Dans toute cette affaire, il faut garder la tête froide. La défense antimissile ne doit pas être diabolisée. Elle correspond à un besoin militaire avéré s'agissant de la défense de théâtre -et nous avons beaucoup à travailler dans ce domaine, notamment dans les couches hautes où rien n'a encore été fait - et à un besoin qui se dessine d'ordre politique : la demande des populations contre la menace des proliférants. Encore une fois, l'idée n'est pas celle du parapluie, mais d'optimiser la réponse à une salve de quelques missiles.
Par ailleurs, l'approche « phasée » des Etats-Unis doit être prise avec beaucoup de prudence. La première phase, pour contrer les missiles de courte et moyenne portée, est réaliste. Elle est en cohérence avec le programme ALTBMD, pour lequel nous avons tout de même dépensé 25 millions d'euros jusqu'à présent. A partir de la phase 2, cela est moins clair et le calendrier est indicatif. Le véritable frein vient de la situation financière de l'OTAN. Pour 2011, les besoins sur le budget d'investissement de l'OTAN sont évalués à 1,4 milliard d'euros, soit plus du double du plafond autorisé. L'une des raisons pour lesquelles les Etats-Unis insistent tellement sur la réalisation d'économies est qu'ils souhaitent que l'OTAN dégage des marges pour le financement du système de commandement et de contrôle de la défense antimissile de l'Alliance, de façon à garantir la connexion avec leur propre structure C2. C'est également pour cela qu'est avancée une première hypothèse basse de 83 millions d'euros seulement.

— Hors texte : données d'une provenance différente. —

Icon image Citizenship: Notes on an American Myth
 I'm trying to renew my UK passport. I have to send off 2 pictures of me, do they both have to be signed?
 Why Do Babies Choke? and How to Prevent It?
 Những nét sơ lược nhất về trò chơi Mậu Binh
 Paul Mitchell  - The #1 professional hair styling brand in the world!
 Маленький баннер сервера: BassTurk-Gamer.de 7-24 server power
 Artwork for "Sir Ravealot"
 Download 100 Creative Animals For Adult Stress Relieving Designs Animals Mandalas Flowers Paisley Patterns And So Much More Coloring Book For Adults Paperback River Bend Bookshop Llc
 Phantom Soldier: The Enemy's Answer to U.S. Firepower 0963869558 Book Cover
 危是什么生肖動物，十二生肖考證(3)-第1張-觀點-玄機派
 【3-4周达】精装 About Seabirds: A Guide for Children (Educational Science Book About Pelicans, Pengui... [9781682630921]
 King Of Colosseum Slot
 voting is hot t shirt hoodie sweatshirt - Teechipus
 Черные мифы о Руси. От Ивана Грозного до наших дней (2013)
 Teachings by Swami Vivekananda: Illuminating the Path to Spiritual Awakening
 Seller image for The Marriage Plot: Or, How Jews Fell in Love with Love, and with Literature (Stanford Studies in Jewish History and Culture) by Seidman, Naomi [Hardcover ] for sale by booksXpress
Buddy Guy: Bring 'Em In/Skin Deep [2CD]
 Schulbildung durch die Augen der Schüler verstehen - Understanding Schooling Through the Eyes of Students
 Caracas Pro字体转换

A Lisbonne, une opposition frontale ne serait pas opportune, il n'en est d'ailleurs pas question. Nous avons déjà réorienté les projets américains au sommet de Bucarest et nous avons remis les choses sur les rails au sommet de Strasbourg-Kehl. Le fait d'inscrire la défense antimissile parmi les missions de l'OTAN emporte peu de conséquences juridiques, mais impose la plus grande vigilance sur la mise en oeuvre. Et nous sommes parmi les rares pays à disposer de la compétence technique pour demander aux Etats-Unis des éclaircissements sur l'architecture et les coûts. Il ne faut pas que ce dossier devienne un prurit dans les relations entre la France et les Etats-Unis. Les Américains sont très intéressés par nos capacités d'alerte avancée. Il y a donc un dialogue constructif possible entre nos deux pays. Il est normal que les fabricants de missiles, MBDA et Astrium, luttent pour promouvoir leurs options. Mais la question est de savoir si la DGA dispose des moyens pour financer des plans d'études-amont. Nous imaginons de participer au financement et au développement du système otanien de commandement et de contrôle et, pour le reste, d'apporter une contribution en nature, notamment à travers notre alerte avancée. La loi de programmation actuelle ne prévoit en l'état aucune ressource pour apporter d'autres briques.